One person who has been following the change as it relates to technological innovations is Michael Wolf, founder of The Spoon and Smart Kitchen Summit (SKS), which was held in Seattle on Oct 8-9.
“The last year has been a big one for the food tech industry,” Wolf said. “Investment is shifting from meal kits and delivery towards even more innovative cooking technologies, Big Food disruption, the personalisation and convenience era of food options and greater transparency in the food system.”
While SKS focuses on the future of cooking largely in consumer kitchens, what goes on in home kitchens easily flows over into every other facet of the food industry, whether it’s CPG, food retail or foodservice.
“The combination of changing demographics, new technologies and emerging business models is drastically impacting how we find, buy, cook and consume food,” Wolf said.
“Millennials are both ordering food more than ever and embracing the idea of creating interesting food at home. Existing food and cooking tools in the home are becoming digitised and more intelligent. Artificial intelligence and other emerging technologies are being used to create highly personalized food in restaurants, retail and in the home.”
Technology’s effects on the food retail industry today are clear with grocery delivery now mainstream and frictionless retail rapidly expanding, Wolf said, and in the foodservice industry, operators are still trying to optimise processes from the front of house to the back.
“Food is still big business, but that business is evolving and the way that people cook, shop, dine and learn about food is all changing,” he said. “Technology is at the forefront of that change.”
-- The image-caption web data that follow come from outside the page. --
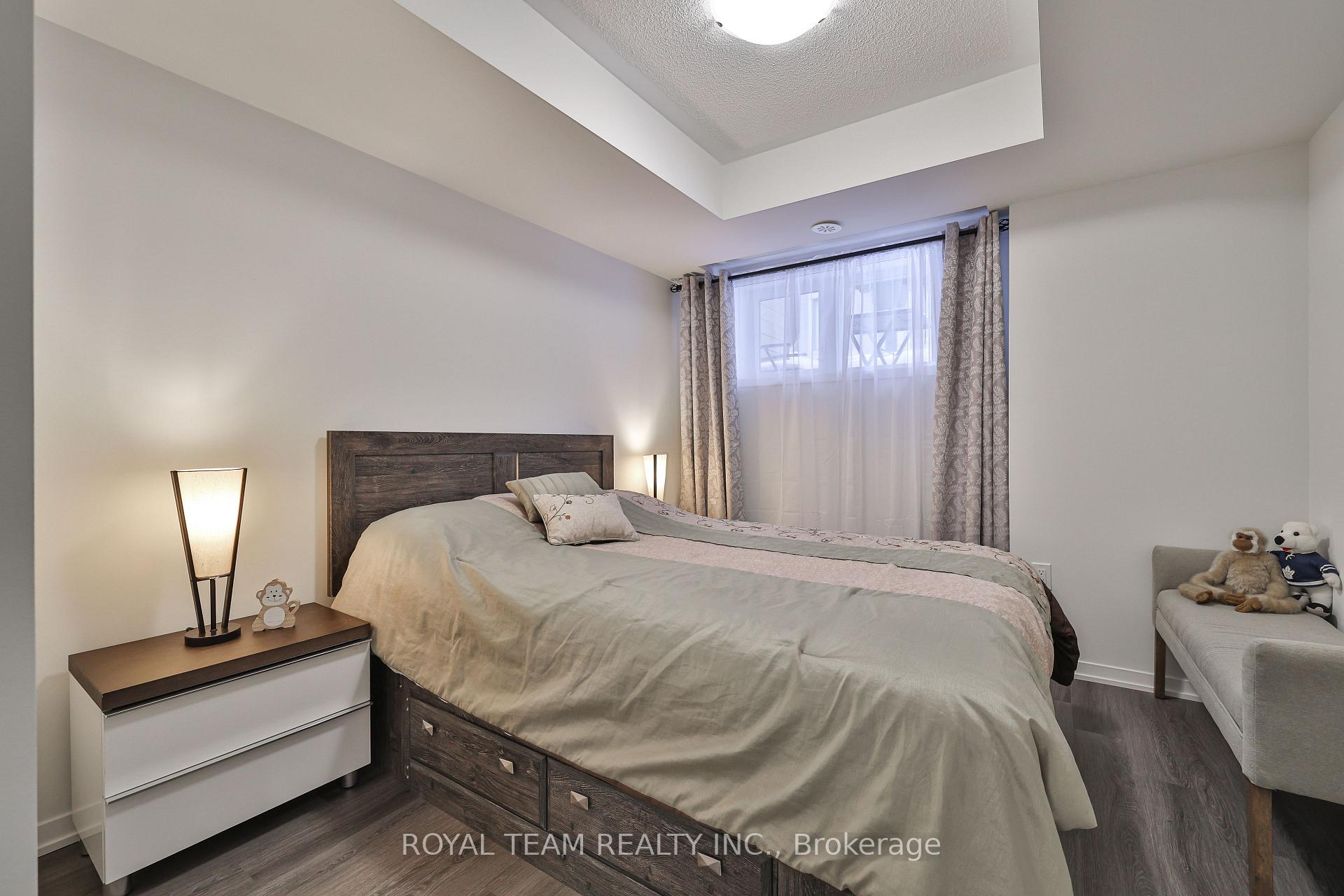 Photo 16 of Unit 224, 131 Honeycrisp Crescent, Vaughan, Vaughan Corporate Centre — HOMEH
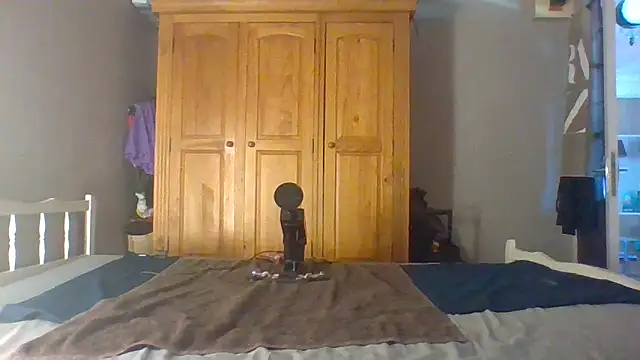 nickgode69 online show from April 8, 2026, 7:41 am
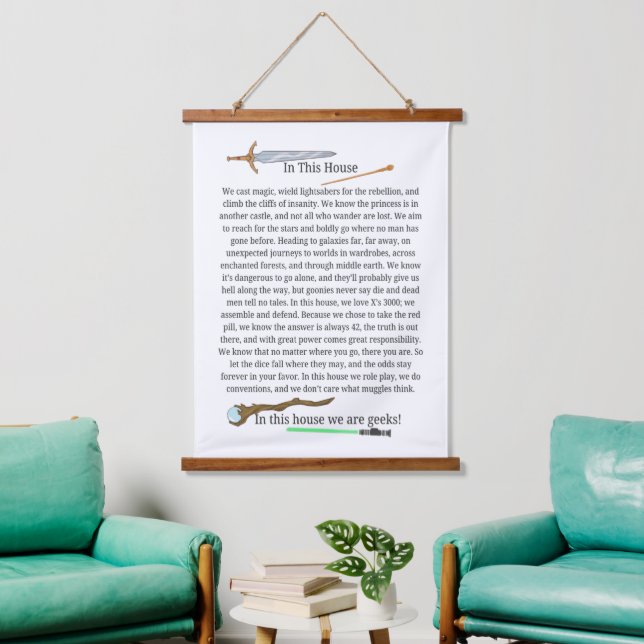 Tapiz Con Marco De Madera En Esta Casa Somos Muro De Poema Geeks (Sala de estar)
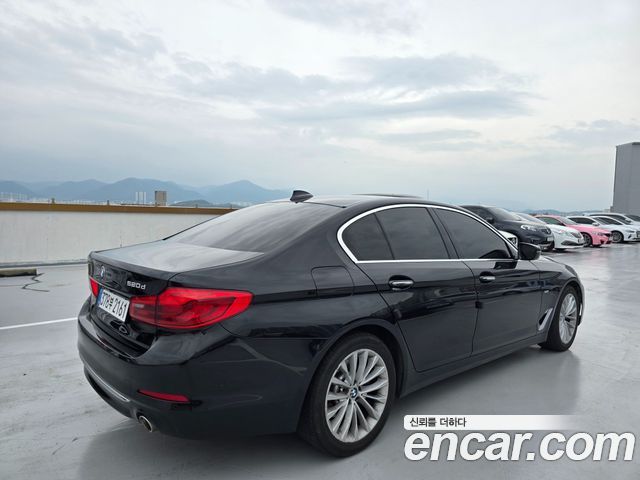 BMW 5-Series G30 520d Luxury Special Edition - фото 2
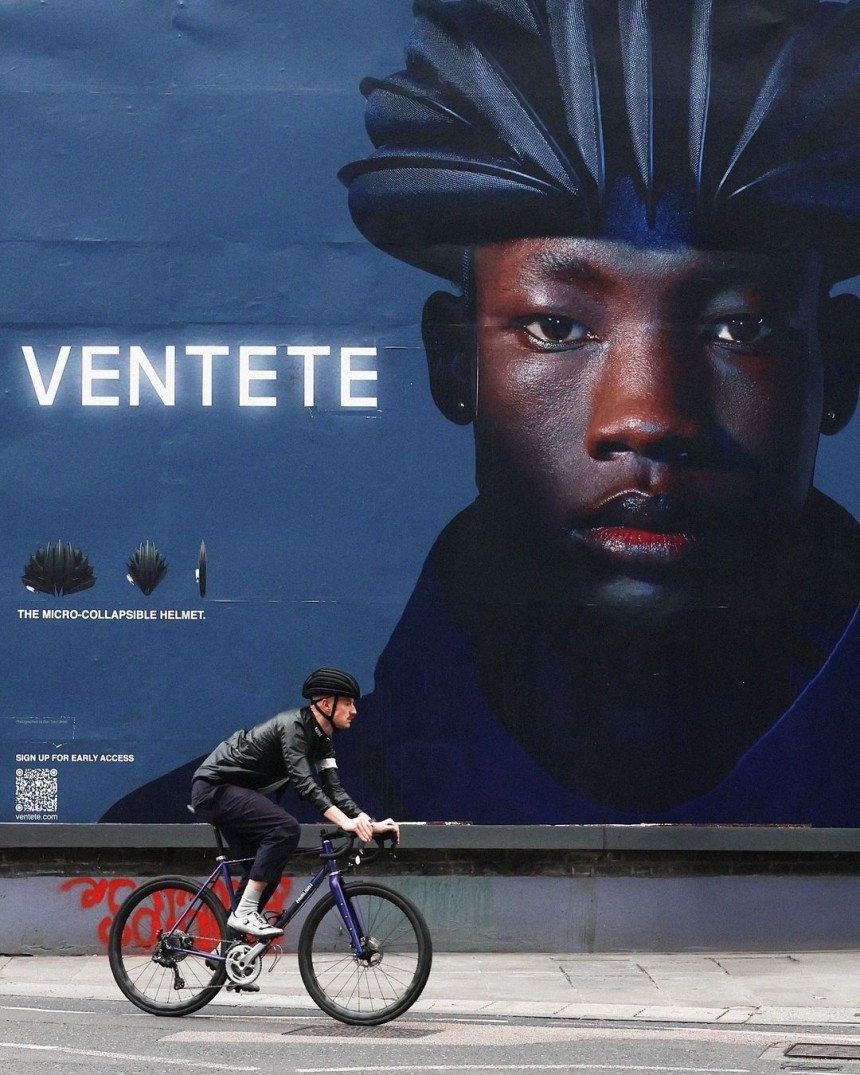 Ventete is introducing the aH\-1, an inflatable micro helmet with potential to shake up the cycling industry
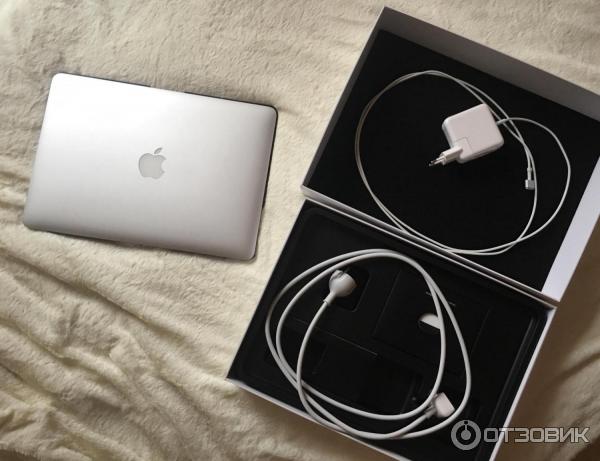 Ноутбук Apple MacBook Air 13 Early 2015 фото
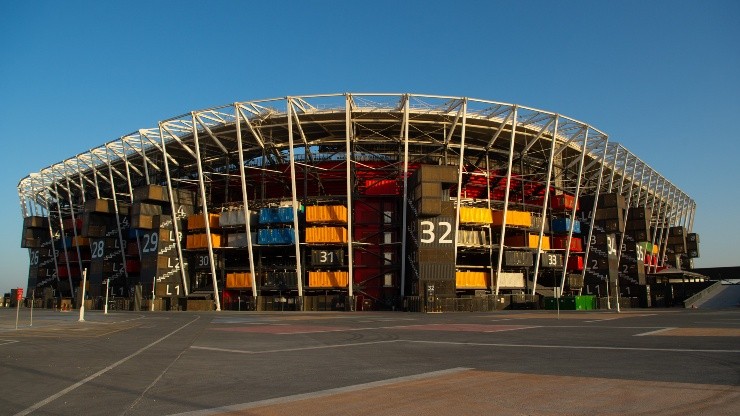 El estadio 974 está creado por contenedores de transporte.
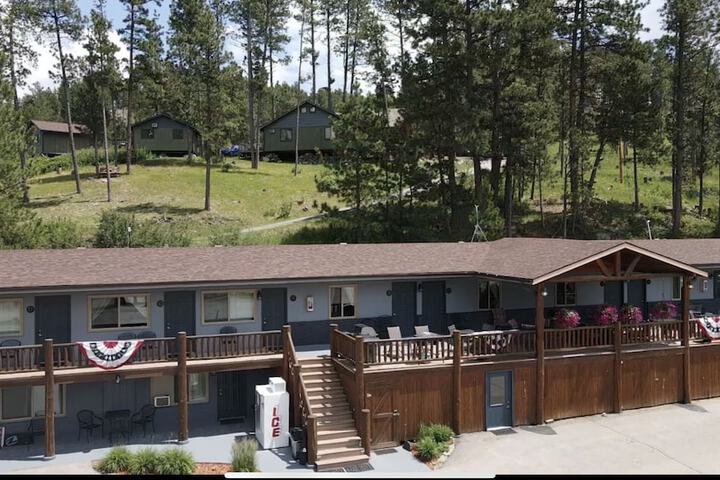 Mountain View Lodge & Cabins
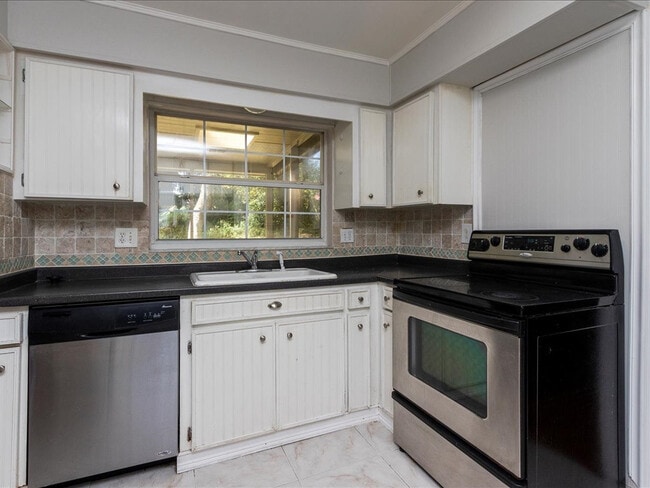 Building Photo - Single Family Pool Home Excellent Location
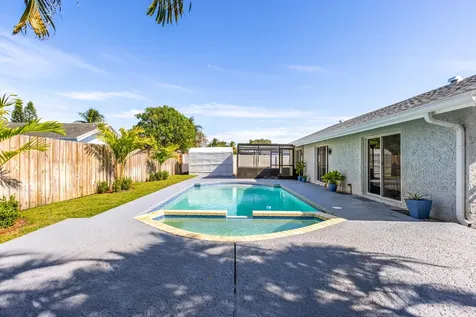 8209 Sw 12th Street North Lauderdale FL 33068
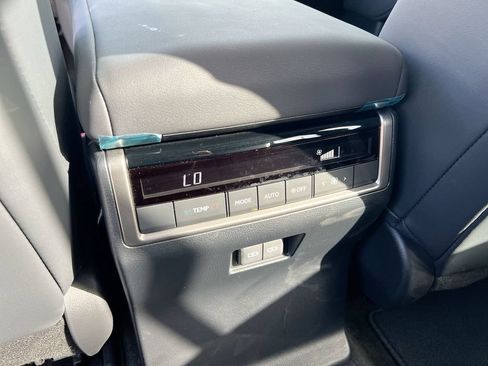 Used 2025 Lexus GX 550 w/ Cold Area Package AWD/4WD image 20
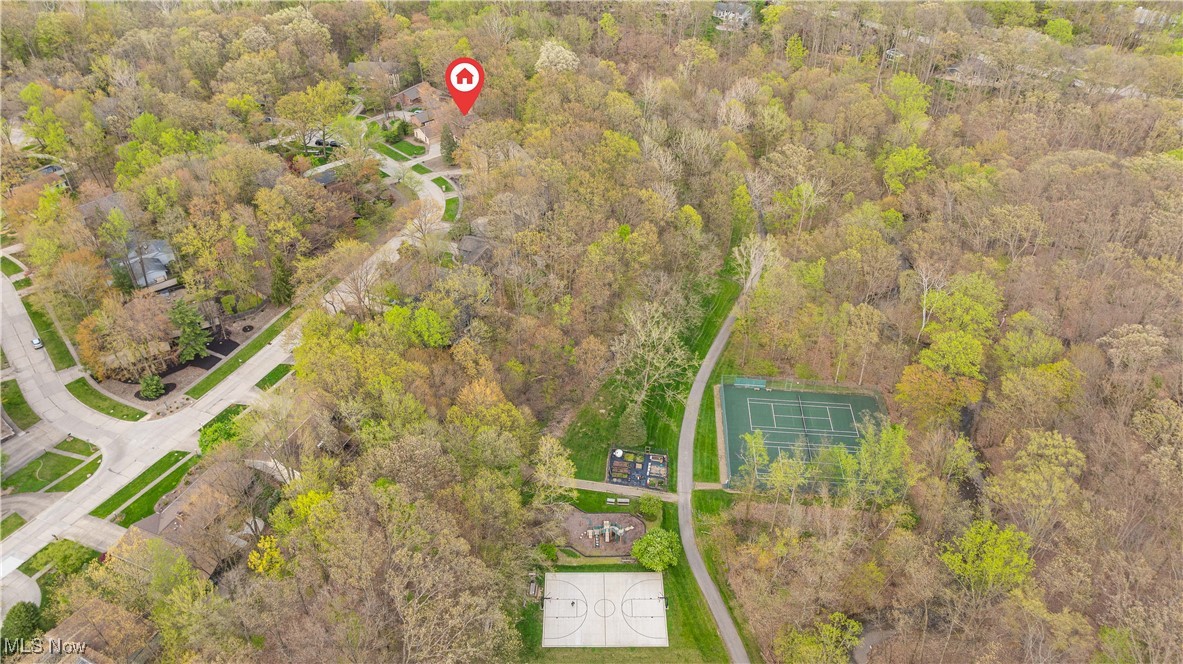 17653 Falling Leaves Road, Strongsville, Ohio image 46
Some of the biggest technology trends affecting the food industry today, according to Wolf, are the digitisation of food from agriculture to cooking and serving food, the role that robotics and automation will play on shifting the labour around the food industry and a focus on AI and VR for a wide-range of applications in restaurants and foodservice.
When it comes to the potential connected devices in the kitchen might have on the industry and whether or not food retailers, food makers and foodservice operators understand it, Wolf said he thinks awareness has grown over the last few years.
“This used to be a fairly niche industry, but as big-box retailers, popular appliance and food brands, and startups alike all take notice and create new technologies and ways to access food and cooking,” he said.
“CPG [companies] and retailers are experimenting with ways to stay ahead of the disruption, from investing in startups that fill gaps in their product lines to experimental retail models that take an omnichannel, everywhere approach to food offerings.”
The food industry should be conscientious of the need to deeply understand the “consumer journey and experience both inside and outside of the home [which] is crucial in creating technologies, products and services that play a meaningful role in their lives,” Wolf added.
The bottom line? Technology represents a disruptor and an opportunity in all facets of the food industry.
“From the minute food is created to the second it is put on a fork to eat, the meal journey is being disrupted,” Wolf said. “And this disruption represents a once-in-a-lifetime opportunity – and threat – for upstarts and incumbents across the food, retail, appliance and technology sectors to create a new foundation for food for the world’s nine billion people over the next decade.”